For 104 years, a Civil War soldier’s grave sat unmarked in Kalispell’s C.E. Conrad Memorial Cemetery, a barren patch of grass obscuring a family legacy.
If not for the diligent document-finding of his great-granddaughter, and the efforts of local veterans, Edward K. Green of the Union Army’s 33rd Illinois Infantry Regiment may have laid at rest without a proper marker forever.
Earlier this year, Teresa Pascarelli reached out to the Glacier Park VFW Post 2252 to inquire about securing a military headstone for her great-grandfather. Pascarelli, who lives in Georgia and grew up hearing stories about her great-grandparents, had traveled to the Flathead with her husband three years ago to learn more about Green and his wife Celia, known around the valley at the time as “Ma” or “Mother” Green.
On Pascarelli’s trip, she stumbled upon a goldmine of family historical information in the local library’s newspaper archives, learning that her great-grandparents were prominent early figures in Whitefish. Edward was a contractor who built railroad beds and other roads, including in Glacier National Park. He and Celia had followed their son, Carl, an engineer with Great Northern Railway, to Whitefish in the early 1900s. The Greens built a number of buildings in town, including their two-story home downtown.

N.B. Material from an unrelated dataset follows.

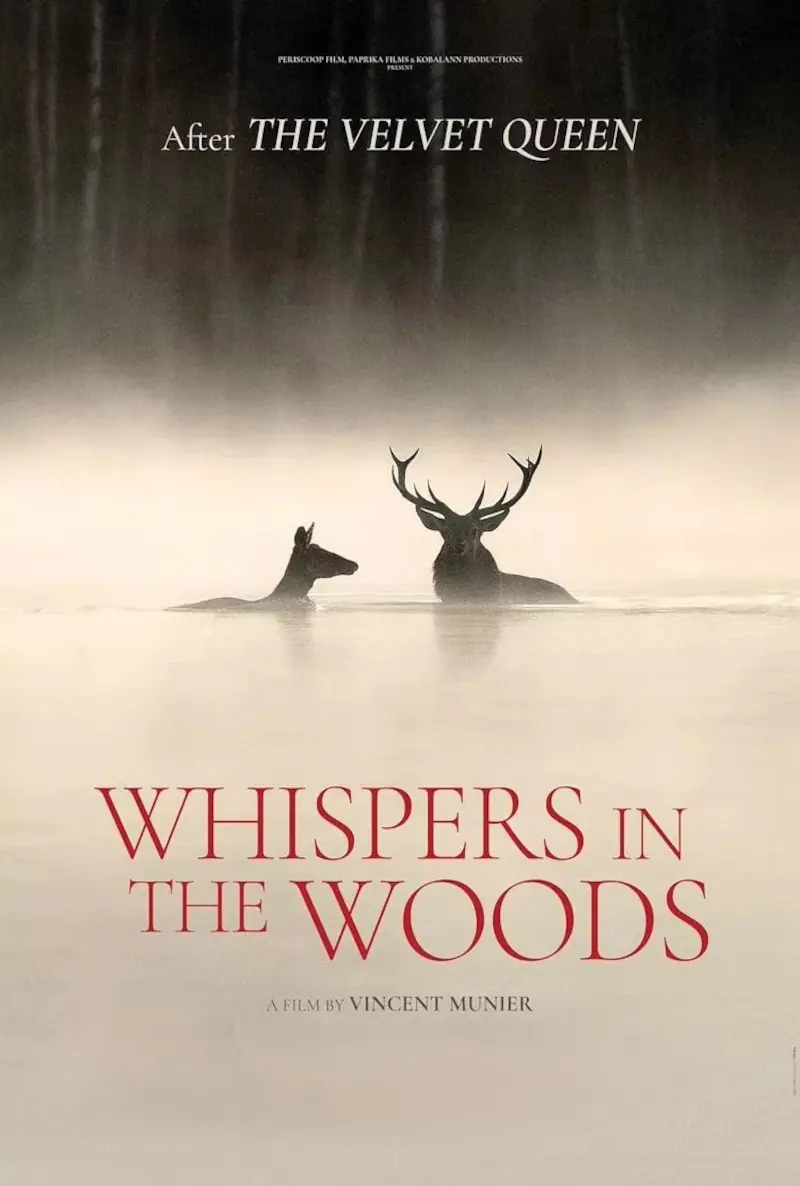 Whispers in the Woods — Filmhuis Putten, Putten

Today, the Greens’ home is Wasabi Sushi Bar and an upstairs flat. In the early 1900s, however, it was ground zero for the Greens’ entrepreneurism and community involvement, particularly Celia’s after Edward’s death in 1914. Celia, an influential businesswoman, was instrumental in bringing electricity and telephone connectivity to Whitefish, among other endeavors.
Celia lived downstairs in what is now the sushi restaurant and rented the upstairs to railroaders. According to a 1940 article in the Whitefish Pilot, Celia had an open-door policy and welcomed streams of visitors who were eager to chat with her. After she died, all businesses in town shut down during her funeral service.
Pascarelli was pleasantly surprised to discover a photo of Celia still hanging in the entryway of Wasabi, as well as a picture of her at the Stumptown Historical Society’s museum.
“I had seen the one in the museum when I was growing up,” Pascarelli said last week. “We grew up seeing photos and hearing stories.”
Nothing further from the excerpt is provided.